Stored entries:
--

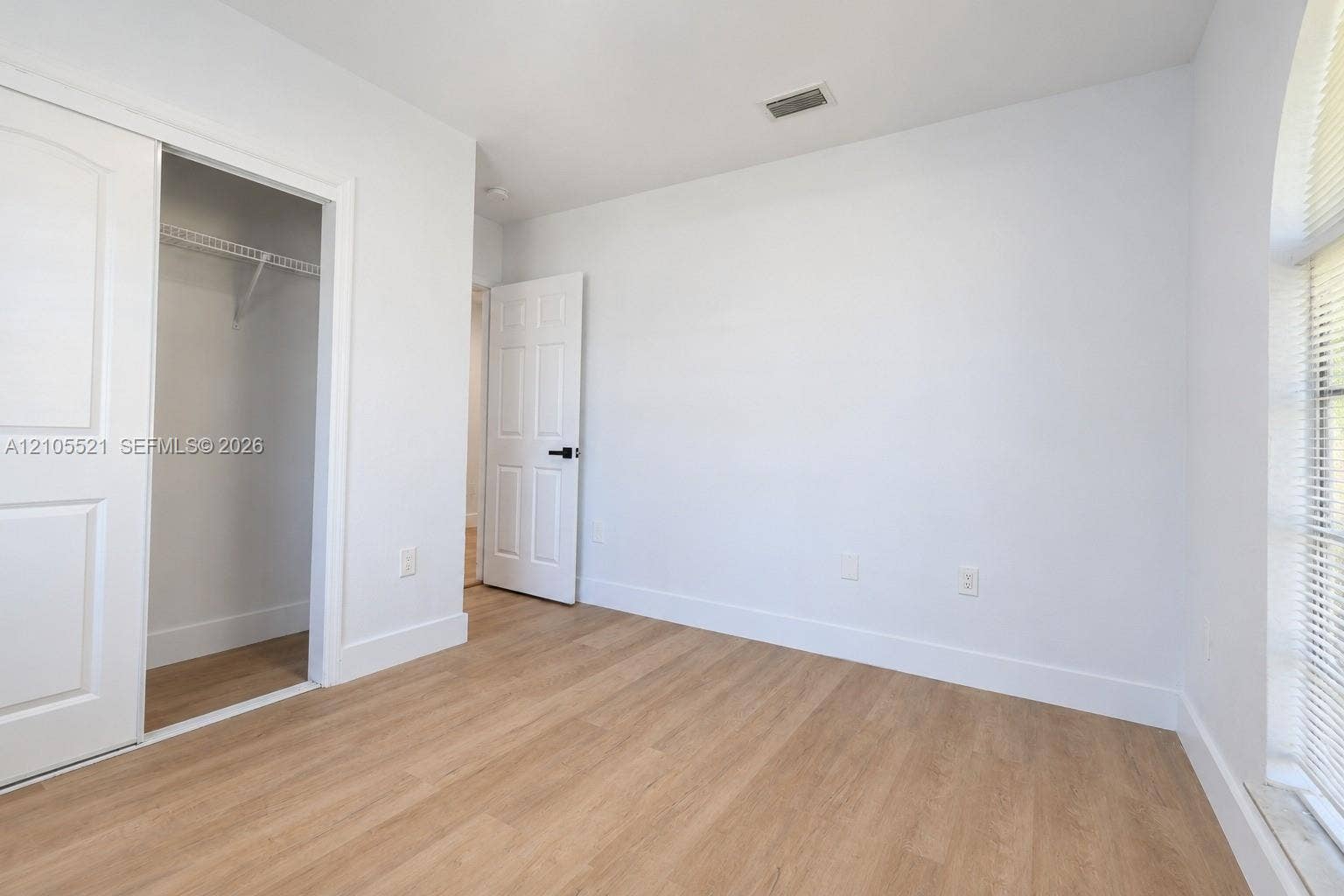 Wood-finish flooring, white walls, white trim, sliding closet doors, and a window with blinds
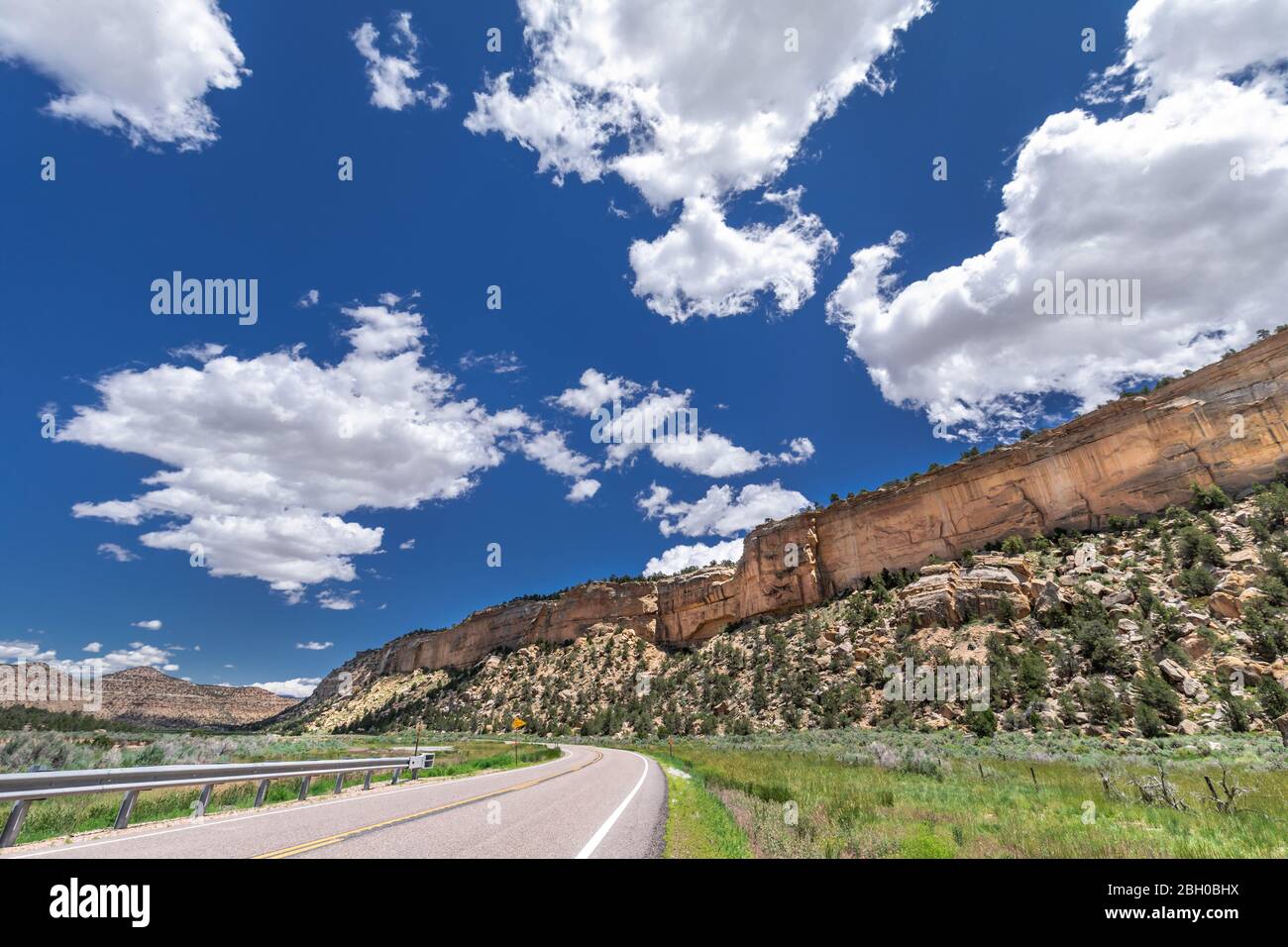 Die Scenic Byway 12 erstreckt sich bis zum Horizont unter einem blauen Himmel mit geschwollenen Wolken, und flankiert von einem Kamm aus rotem Sandstein Stockfoto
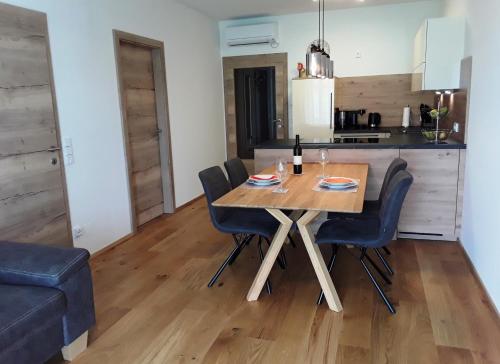 a kitchen and dining room with a wooden table and chairs at Apartment Kristall Real in Bad Radkersburg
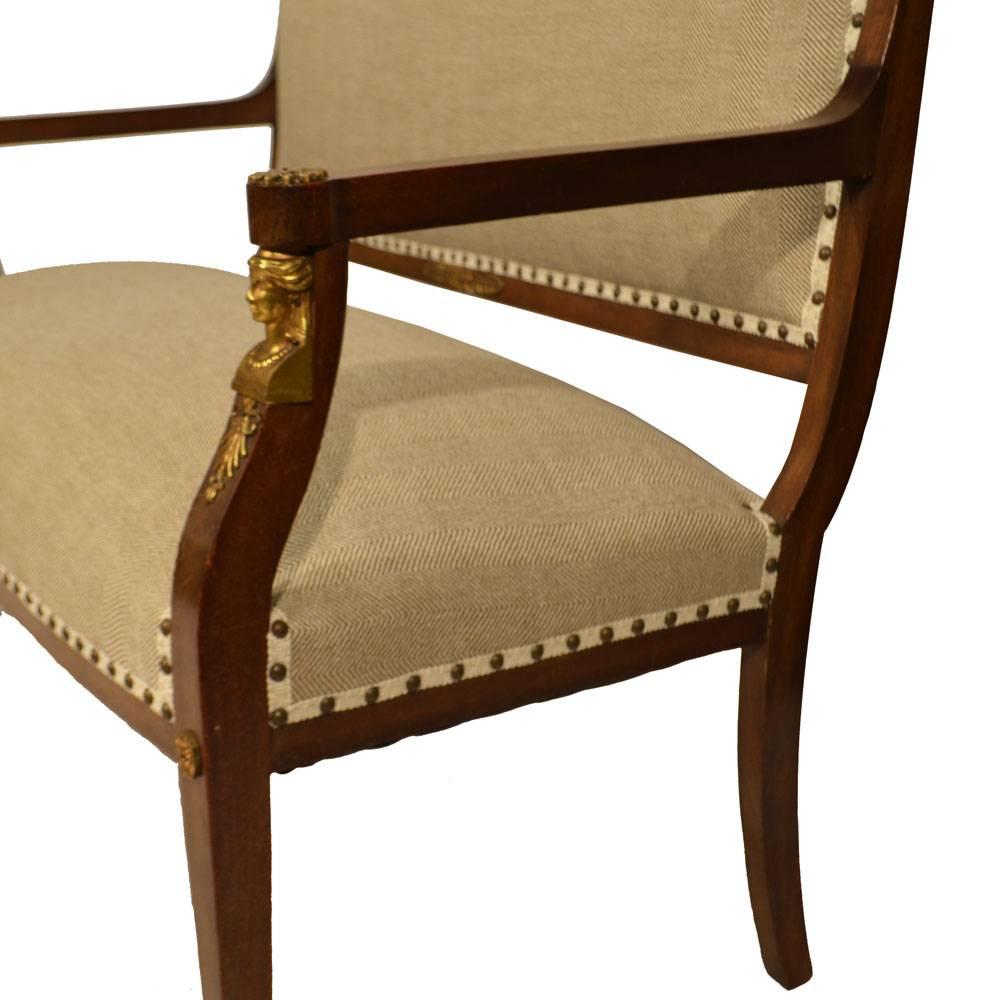 Empire style mahogany canapé with bronze mounts and on square tapered legs with bronze claw feet. This canape has been newly upholstered in a neutral heavy fabric with antique brass nailheads added for detail. Comfortable seat, sturdy legs.Seat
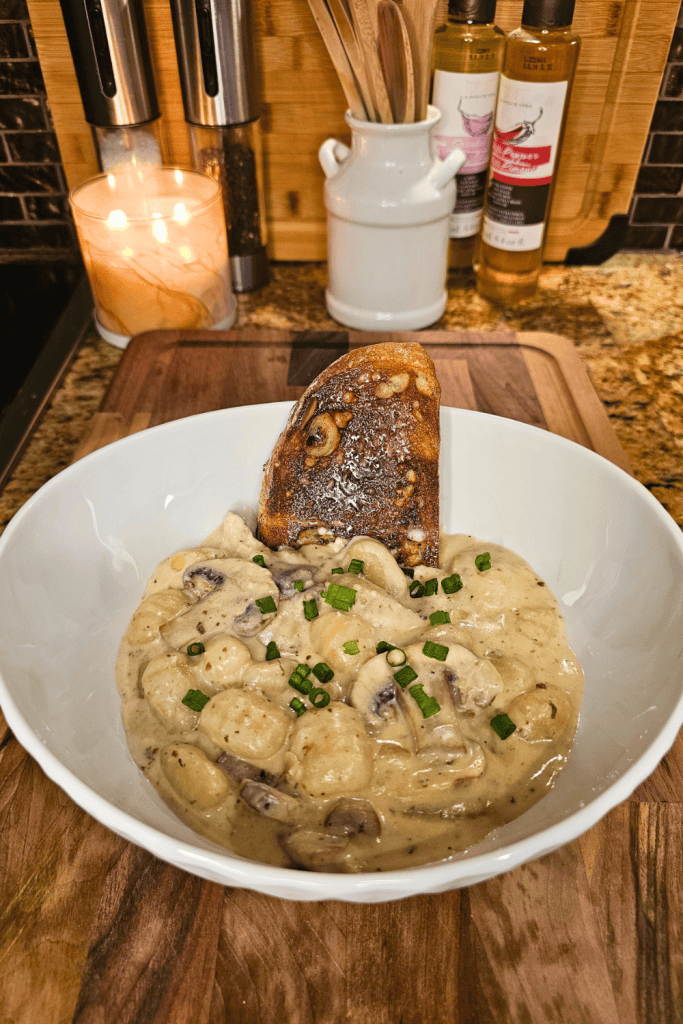 Creamy Boursin gnocchi with mushrooms garnished with chopped green onions in a white bowl.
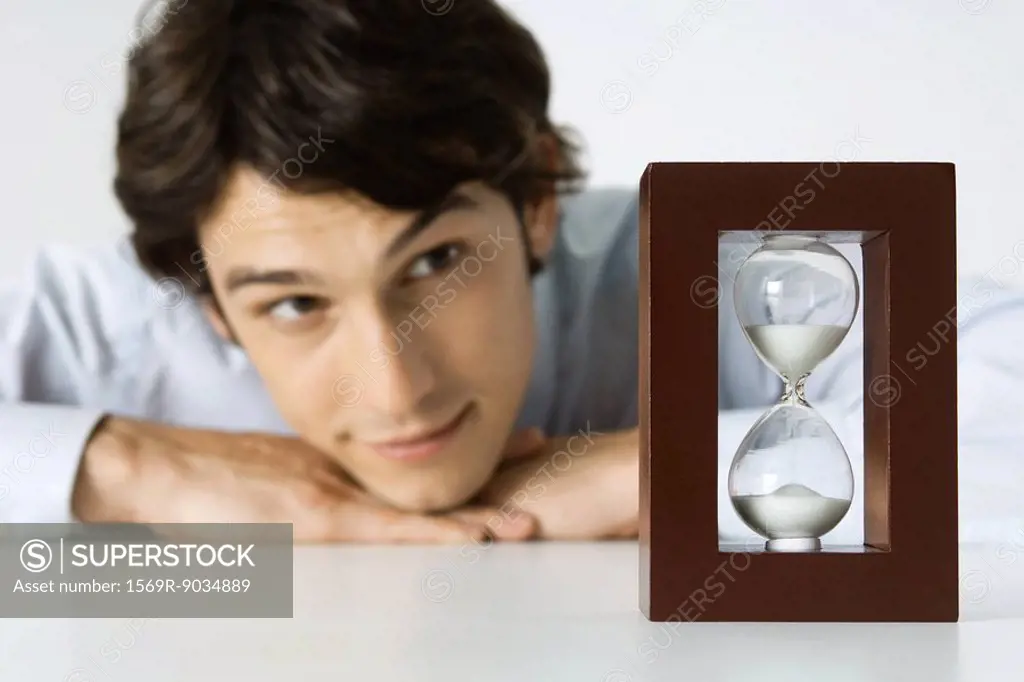 Man looking at hourglass, head resting on hands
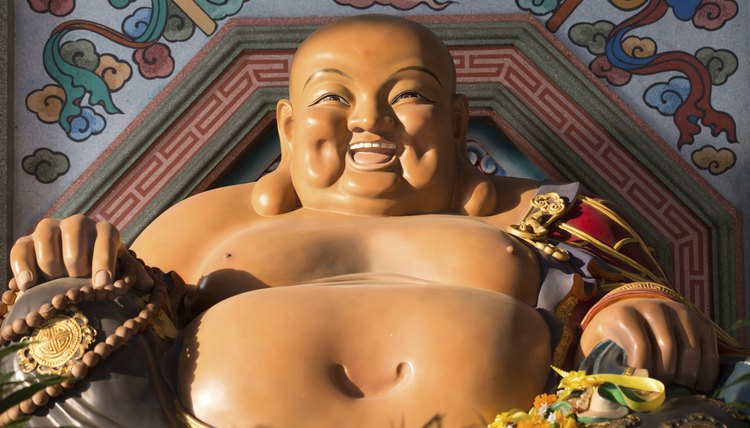 A statue of a colorful, happy Buddha.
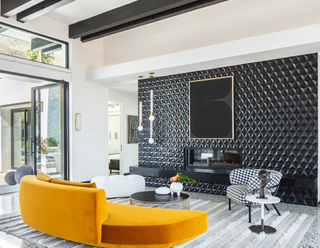 A living room with a yellow curving soda and a black and white armchair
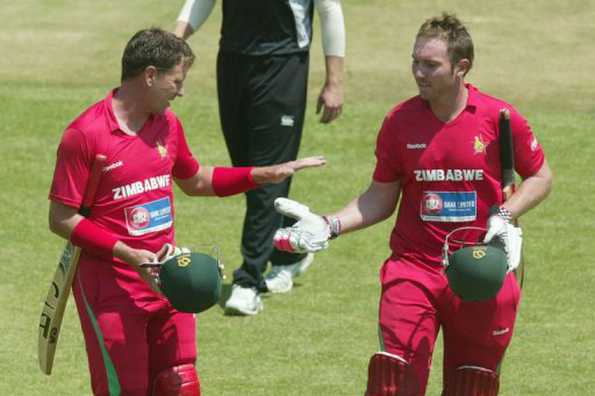 Zimbabwe's captain Brendon Taylor (right) celebrates with teammate Raymond Price after making an unbeaten 107 runs on the second one-day international against New Zealand in Harare. Taylor hit his second successive unbeaten century to lead his team to a competitive 259 for eight. Zimbabwe's captain Brendon Taylor (right) celebrates with teammate Raymond Price after making an unbeaten 107 runs on the second one-day international against New Zealand in Harare. Taylor hit his second successive unbeaten century to lead his team to a competitive 259 for eight.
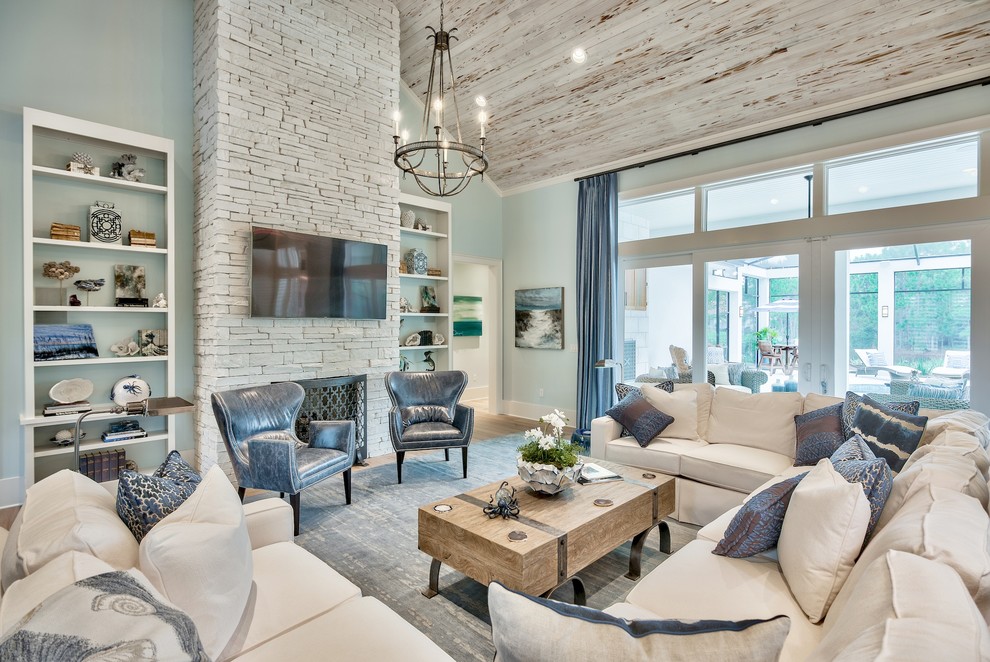 Источник вдохновения для домашнего уюта: гостиная комната в морском стиле с синими стенами, паркетным полом среднего тона, стандартным камином, фасадом камина из камня, телевизором на стене, коричневым полом и синими шторами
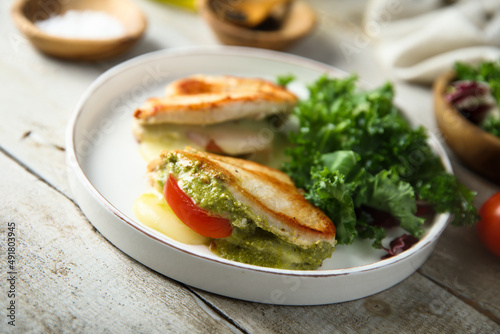 Chicken stuffed with pesto, tomato and cheese
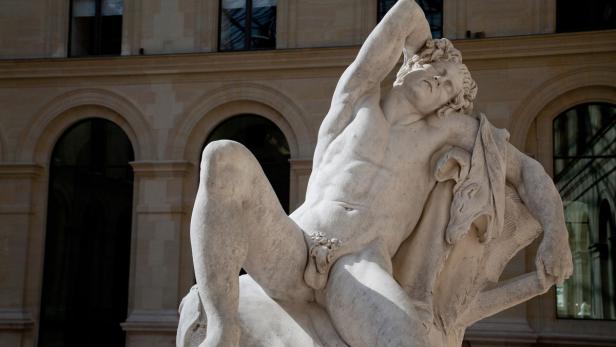 Eine Marmorstatue, die einen liegenden, muskulösen Mann darstellt.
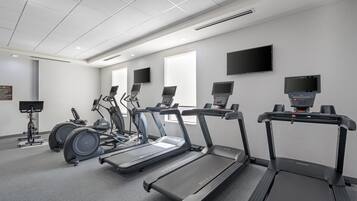 A fitness center with treadmills, elliptical machines, and stationary bikes.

--

**Task to carry out**
Begin with the line containing "Die Scenic Byway", stop at the last line of the records above, and copy every line in between exactly, both ends included, with no pictures.

**Output for this task**
 Die Scenic Byway 12 erstreckt sich bis zum Horizont unter einem blauen Himmel mit geschwollenen Wolken, und flankiert von einem Kamm aus rotem Sandstein Stockfoto
 a kitchen and dining room with a wooden table and chairs at Apartment Kristall Real in Bad Radkersburg
 Empire style mahogany canapé with bronze mounts and on square tapered legs with bronze claw feet. This canape has been newly upholstered in a neutral heavy fabric with antique brass nailheads added for detail. Comfortable seat, sturdy legs.Seat
 Creamy Boursin gnocchi with mushrooms garnished with chopped green onions in a white bowl.
 Man looking at hourglass, head resting on hands
 A statue of a colorful, happy Buddha.
 A living room with a yellow curving soda and a black and white armchair
 Zimbabwe's captain Brendon Taylor (right) celebrates with teammate Raymond Price after making an unbeaten 107 runs on the second one-day international against New Zealand in Harare. Taylor hit his second successive unbeaten century to lead his team to a competitive 259 for eight. Zimbabwe's captain Brendon Taylor (right) celebrates with teammate Raymond Price after making an unbeaten 107 runs on the second one-day international against New Zealand in Harare. Taylor hit his second successive unbeaten century to lead his team to a competitive 259 for eight.
 Источник вдохновения для домашнего уюта: гостиная комната в морском стиле с синими стенами, паркетным полом среднего тона, стандартным камином, фасадом камина из камня, телевизором на стене, коричневым полом и синими шторами
 Chicken stuffed with pesto, tomato and cheese
 Eine Marmorstatue, die einen liegenden, muskulösen Mann darstellt.
 A fitness center with treadmills, elliptical machines, and stationary bikes.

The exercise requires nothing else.